Illinois Sen. Dick Durbin to reintroduce Domestic Terrorism Prevention Act

In the wake of Wednesday's attack on the Capitol, Illinois Sen. Dick Durbin plans to reintroduce the Domestic Terrorism Prevention Act.

The bill was first introduced by Durbin and Brad Schneider of Illinois last fall. It passed in the House, but went nowhere in the Senate.

Sen. Durbin is now hoping that will change.

"After the attack on the Capitol, I hope that congress can finally come together and do something to address this threat," said Sen. Durbin.

Sen. Durbin's Domestic Terrorism Prevention Act would establish government offices at the DOJ, FBI and Department of Homeland Security to prevent future attacks, like the one this week at the US Capitol.

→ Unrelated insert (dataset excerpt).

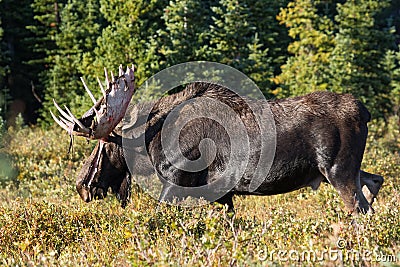 Colorado Shiras Moose Stock Photo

"It would require these offices to regularly assess the domestic terrorism threat," said Sen. Durbin.


Durbin was among those on the chamber floor when it came under attack Wednesday.

"Someone broke through the door in a suit, went up to the VP and literally dragged him out of his chair and off the podium. It was a secret service agent," said Sen. Durbin.

The bill would also provide training and resources to local law enforcement to respond to domestic terrorist threats.

Sen. Durbin says he's going to be contacting President-elect Joe Biden's pick for Attorney General, Merrick Garland, about this effort in the coming days.